Il avait brusquement lâché une des haltères et sortit un 9 mm de sous le banc. Corey avait fait deux pas en arrière, les mains en l’air.

–       Cabron, on t’as jamais dit qu’il fallait prévenir quand on arrive chez quelqu’un !?

–       Prévenir ? et on fait comment avec cette musique ?

–       La chinga ! J’ai failli te tirer dessus et tu cherches des excuses ?

–       Range cette arme bon Dieu Laro !

L’autre le considéra quelques instants avec le canon en l’air, comme s’il doutait des bonnes intentions de Corey, puis finalement rangea son arme.

–       Qu’est-ce que tu veux ?

Corey leva les yeux au ciel comme tous les adolescents du monde face à la bêtise de leurs ainés. Il aurait bien accompagné ça d’une vanne bien sentie comme savait en balancer Kate mais il n’avait pas ce genre d’assurance.

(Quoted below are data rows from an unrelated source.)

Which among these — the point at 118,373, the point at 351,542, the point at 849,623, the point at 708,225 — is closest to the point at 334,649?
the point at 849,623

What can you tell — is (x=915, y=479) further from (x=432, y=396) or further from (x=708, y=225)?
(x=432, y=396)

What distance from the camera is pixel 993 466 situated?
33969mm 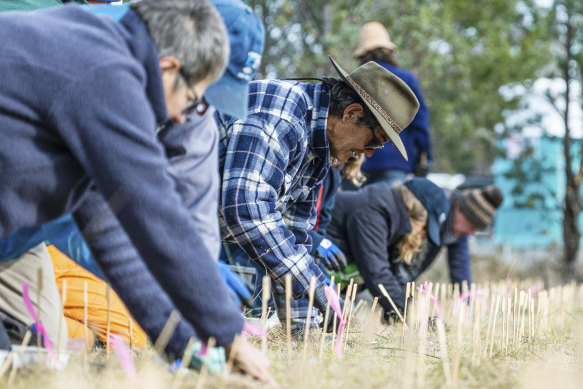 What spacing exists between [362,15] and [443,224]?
14.6 ft

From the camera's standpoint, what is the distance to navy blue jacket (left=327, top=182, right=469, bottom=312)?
4539 millimetres

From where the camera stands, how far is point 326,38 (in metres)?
8.38

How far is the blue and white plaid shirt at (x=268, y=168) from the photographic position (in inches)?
125

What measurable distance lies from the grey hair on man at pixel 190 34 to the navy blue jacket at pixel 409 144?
3708 millimetres

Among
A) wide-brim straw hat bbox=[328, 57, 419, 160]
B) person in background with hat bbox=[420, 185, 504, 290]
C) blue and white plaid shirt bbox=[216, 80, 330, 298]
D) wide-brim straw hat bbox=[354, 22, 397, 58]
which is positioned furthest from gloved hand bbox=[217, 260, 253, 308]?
wide-brim straw hat bbox=[354, 22, 397, 58]

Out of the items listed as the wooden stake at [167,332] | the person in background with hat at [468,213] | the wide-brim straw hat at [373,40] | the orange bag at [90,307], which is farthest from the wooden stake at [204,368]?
the wide-brim straw hat at [373,40]

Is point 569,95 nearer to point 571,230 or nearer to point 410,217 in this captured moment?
point 571,230

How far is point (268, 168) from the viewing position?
3.23m

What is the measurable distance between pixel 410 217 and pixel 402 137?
45.4 inches

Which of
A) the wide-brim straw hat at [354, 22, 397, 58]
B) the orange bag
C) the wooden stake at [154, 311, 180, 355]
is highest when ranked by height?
the wide-brim straw hat at [354, 22, 397, 58]

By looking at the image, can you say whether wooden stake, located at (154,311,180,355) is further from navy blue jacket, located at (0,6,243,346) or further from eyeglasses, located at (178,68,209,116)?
eyeglasses, located at (178,68,209,116)

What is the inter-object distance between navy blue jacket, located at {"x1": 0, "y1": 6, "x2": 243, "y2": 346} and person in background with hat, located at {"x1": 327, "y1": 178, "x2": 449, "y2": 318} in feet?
8.99

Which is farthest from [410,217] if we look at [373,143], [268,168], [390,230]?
[268,168]

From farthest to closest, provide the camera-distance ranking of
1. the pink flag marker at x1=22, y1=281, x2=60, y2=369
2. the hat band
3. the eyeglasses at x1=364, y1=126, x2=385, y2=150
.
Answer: the eyeglasses at x1=364, y1=126, x2=385, y2=150 < the hat band < the pink flag marker at x1=22, y1=281, x2=60, y2=369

–       Bah t’acheter un pochon !

Il le fixa quelques secondes comme s’il ne comprenait pas de quoi il parlait et puis lâcha son autre haltère pour se lever pesamment et se diriger vers le fond du garage.

–       Je comprends pas, ton père est venu il y a une heure, pourquoi vous vous arrangez jamais pour faire pot commun ? Ca serait plus intéressant pour vous.

–       Tu sais mon père…

Il ne lui adressait quasiment jamais la parole, s’intéressait à peine à ce qu’il faisait de sa vie. Il ne devait même pas savoir qu’il faisait la plonge au routier, alors acheter leur herbe en commun…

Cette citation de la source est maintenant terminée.